→ **WHAT THE EXERCISE ASKS**:
Please transcribe, word for word, only the lines from the one containing "Cover image for Where Men Hide" through the last line of the records below, both included, and leave out every picture.

Image-text web data:

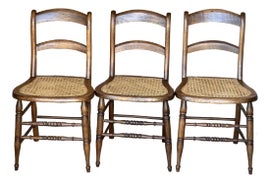 Example of Dining Chairs in Phoenix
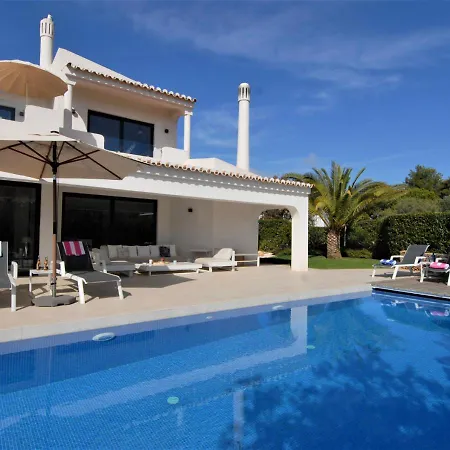 Prázdninový areál Algarve Clube Atlantico 5*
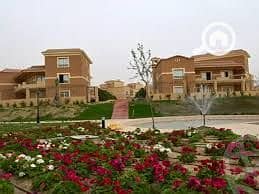 فیلا 5 غرف نوم للبيع في القاهرة الجديدة، القاهرة - download. jpg
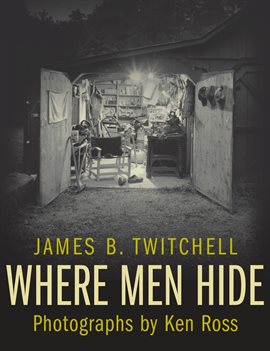 Cover image for Where Men Hide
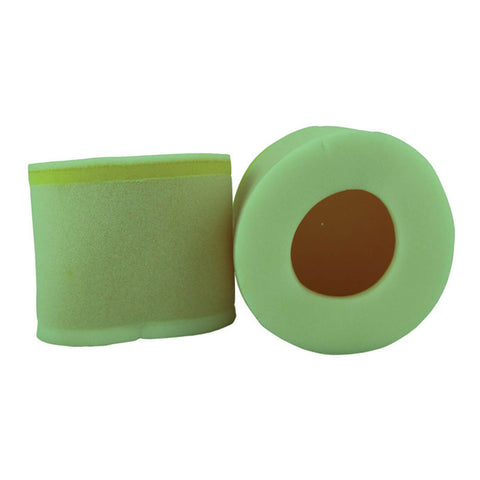 No Toil Pre-Oiled Filter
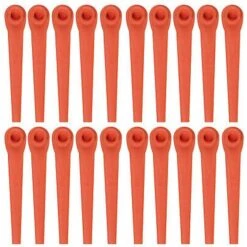 Gardena Spare Blades 5368-20 20pcs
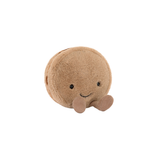 Peluche Amuseables Mona Macaron | Fleux | 5
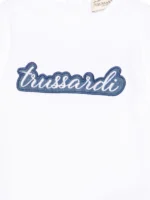 TRUSSARDI BABY T-SHIRT PHALMA ΜΠΛΟΥΖΑ - Image 3
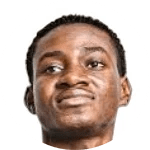 Элайджа Одеде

→ **OUTPUT OF THE TASK**:
 Cover image for Where Men Hide
 No Toil Pre-Oiled Filter
 Gardena Spare Blades 5368-20 20pcs
 Peluche Amuseables Mona Macaron | Fleux | 5
 TRUSSARDI BABY T-SHIRT PHALMA ΜΠΛΟΥΖΑ - Image 3
 Элайджа Одеде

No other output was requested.